Kiosk at PyData Global 2021

This year marked Kiosk’s third year participating in Pydata events and the second year of the all-online, global format. As in years past, leading developers, data scientists, and business leaders showcased the cutting edge of data discovery, visualization and machine learning tools while maintaining a steady focus on the ethical implications of tools and processes. 

There was a particular emphasis on the explainability of models. We can no longer accept the “black box” approach where we build models, trust their results and make decisions based on their output. Decision makers in business, government, the scientific community and the public at large demand to know, and rightfully so, how the algorithms and models are arriving at their decisions and determining their “fairness”. As artificial intelligence and machine learning are used to make exceedingly more impactful decisions and affect our lives in a growing variety of ways, the moral and analytical choices being made need to be transparent.

As with every year, we were excited to bring back several ideas and a couple of products that have already joined our product ecosystem.

Data Profiling

We were excited to join a presentation given by Jeremy Goodsitt  and Austin Walters from Capital One covering the setup and use of their Data Profiler suite of tools. The tools can be used to scan files and database tables for a variety of sensitive information including email addresses, phone numbers, bank, credit card and social security numbers and much more.

We were able to get the product up and running during the talk and have already added it to our already robust suite of scanning and compliance tools. This gives us an enhanced ability to keep track of any sensitive data wherever it lives in our ecosystem and, just as importantly, prevent it from entering our systems unexpectedly in the first place.

Python Dashboarding Shootout and Showdown, and Why Interactive Data Visualization Matters for Data Science in Python

We also got a whirlwind tour of the rapidly evolving world of data visualization in Python with the Python Dashboarding Shootout and Showdown, as well as Nicolas Kruchten’s talk on Why Interactive Data Visualization Matters for Data Science in Python.

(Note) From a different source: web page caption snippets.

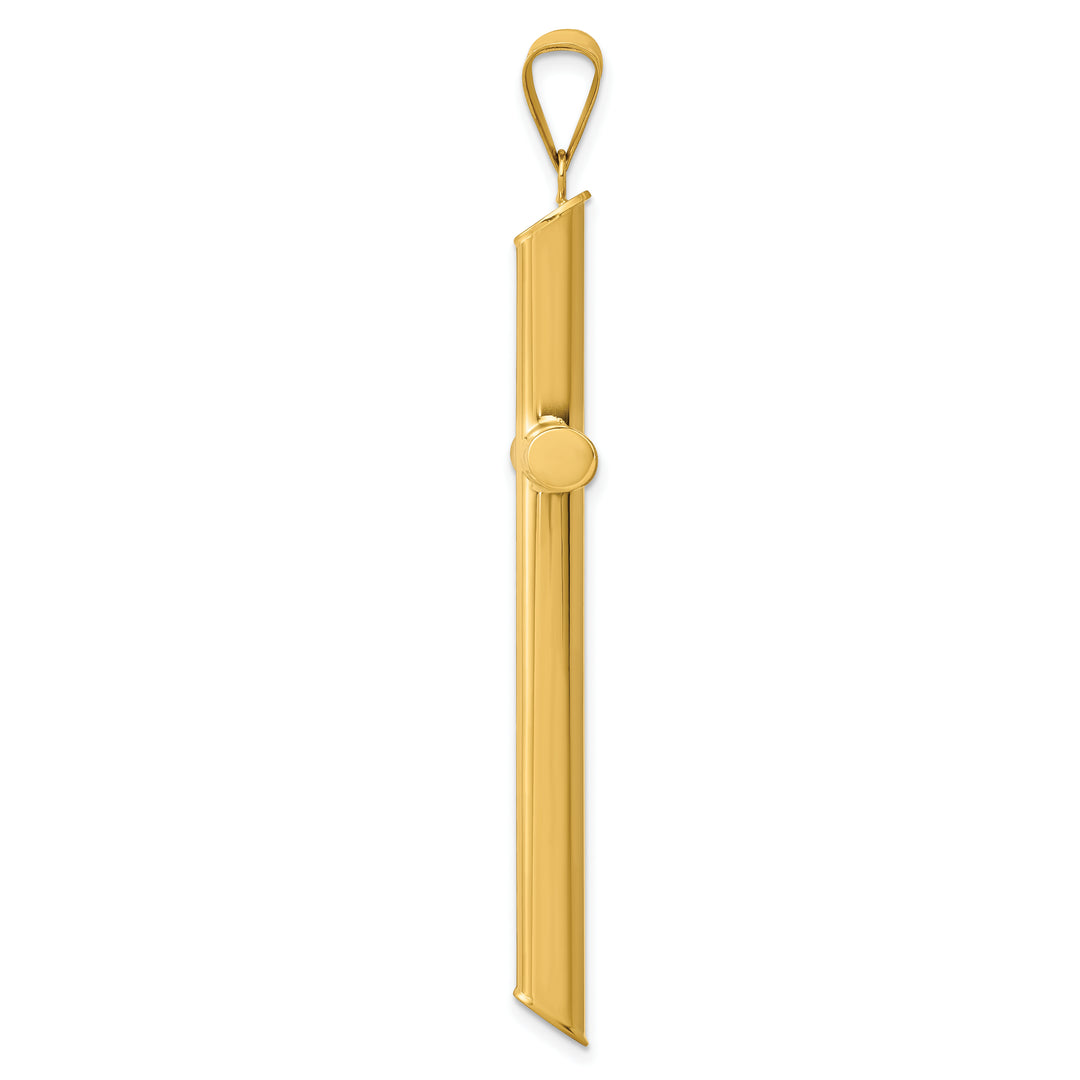 14k 3-D Polished Hollow Cross Pendant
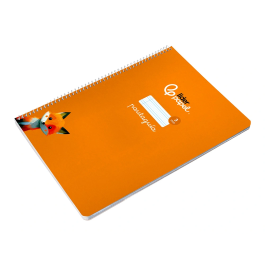 Liderpapel Cuaderno Espiral A4 Pautaguía Tapa Blanda 80 Hojas 75gr Cuadro Pautado 3mm Color Naranja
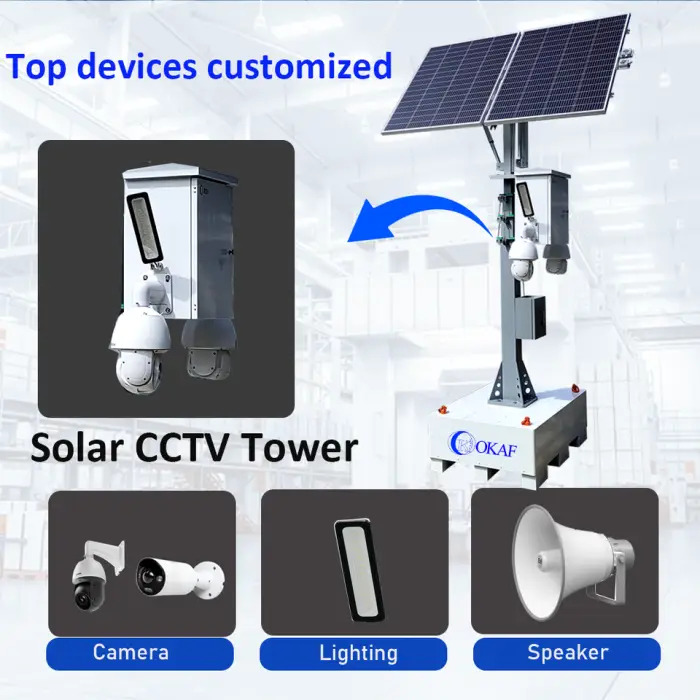 Portable Solar Powered Security Camera Tower 20ft Telescopic Mast 4G LTE Wireless CCTV Trailer for Parking Lot — image 3
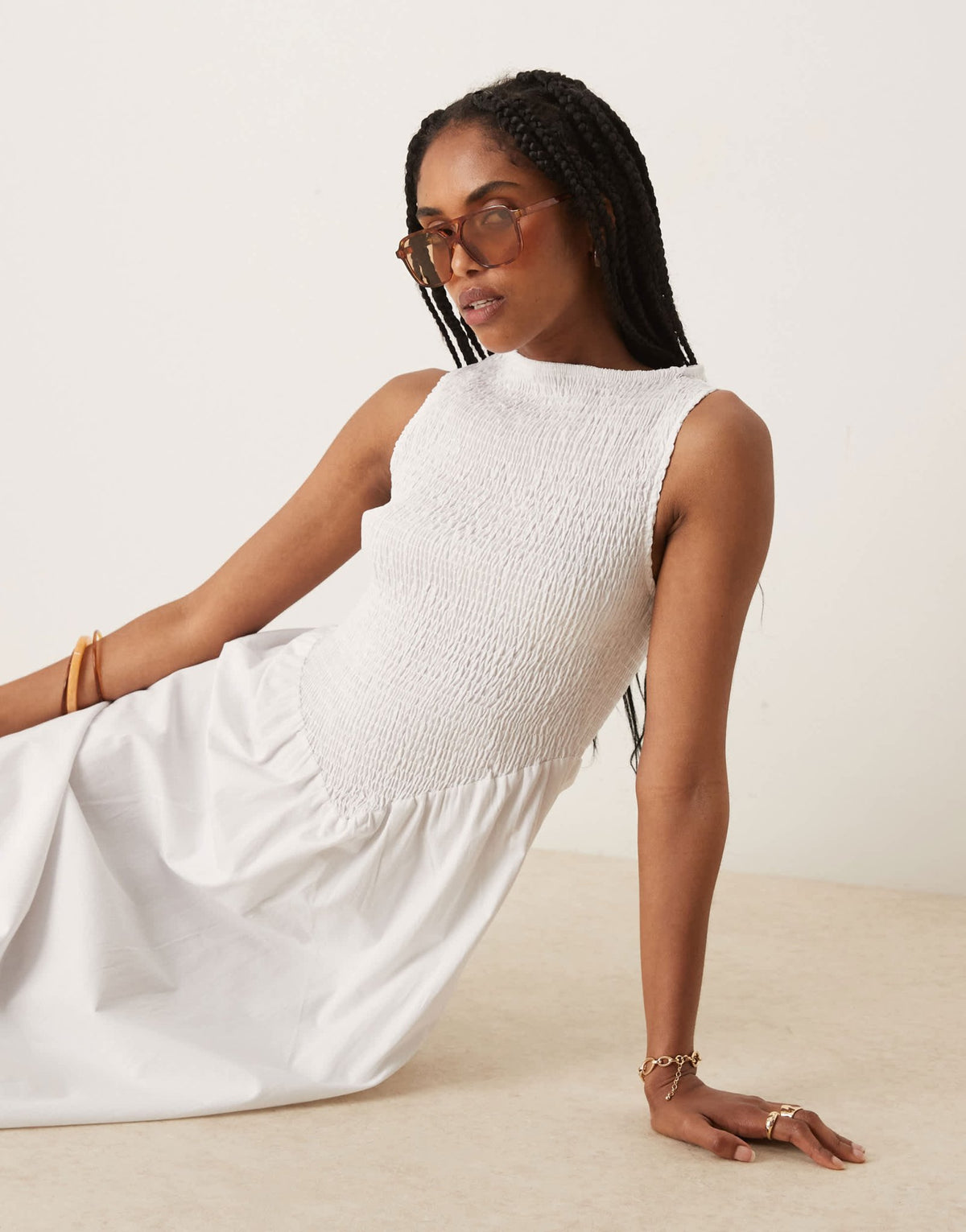 ASOS DESIGN shirred bodice maxi dress in white - ASOS Sample Sale
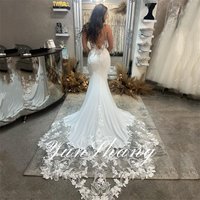 Yunshang Customized Luxury Mermaid Wedding Dress Women Sweetheart Open Back Lace Bridal Gown Sweep Train Long Vestidos De Novia
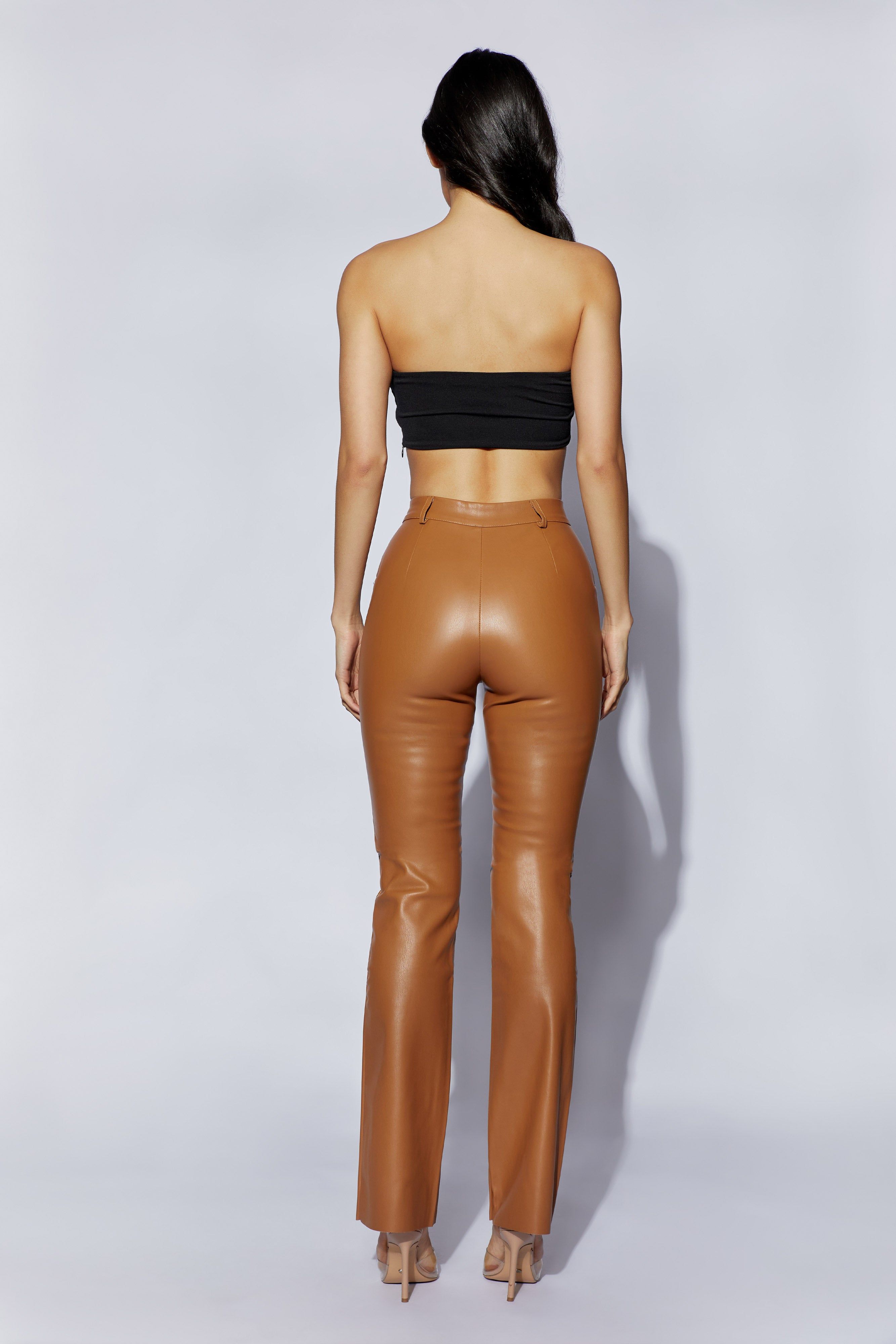 Tyra Straight Leg Faux Leather Pants - Dark Tan sold by Meshki product image thumbnail 2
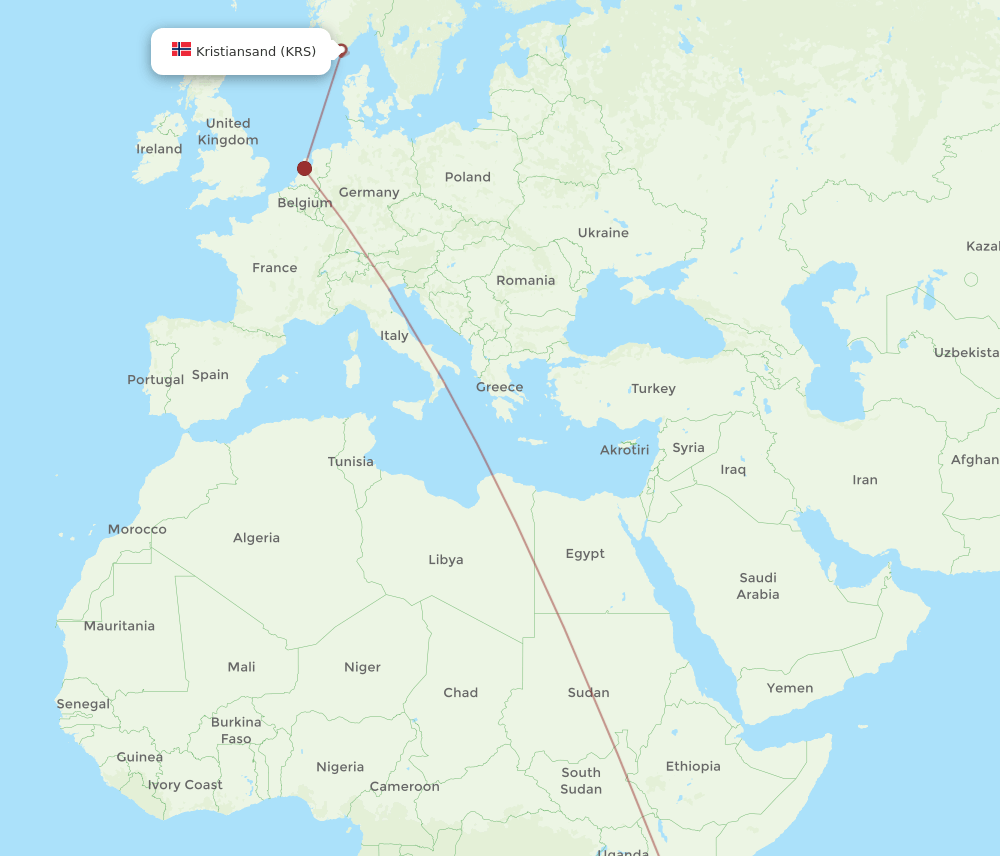 DAR to KRS flights and routes map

Robust and interactive data visualization and dashboarding platforms used to be out of reach of most entities outside of large corporations, universities or research institutions. Last week, developers and analysts were treated to a display of four different free and open source data visualizations platforms, each with their own particular niche. Tools that would have required weeks of consultation, install and setup and a significant financial outlay now spring to life in minutes without having to spend a dime.

At Kiosk, we employ an array of different dashboarding, reporting and other visualizations platforms and tools to share insights gleaned from our data with our customers and partners to help guide their understanding and decision making processes. We are excited to see the rapid pace of development in the last several years and look forward to incorporating some of the new tools by Plotly to enhance our reporting and analytical offerings and make our data more readily available and self-service.  

There’s truly never been a more exciting time to be developing in the data science sector, and particular in Python. The quality and availability of tools has never been better and things are constantly evolving, and swiftly at that. We look forward to continuing our engagement with Numfocus, Pydata and the community of business partners and developers to continue to enhance the quality of our data and analytical offerings. By leveraging new learning in smart ways we are able to drive faster, more informed and better optimized decision making and ensure our clients get the most out of every dollar they invest in their partnership with Kiosk.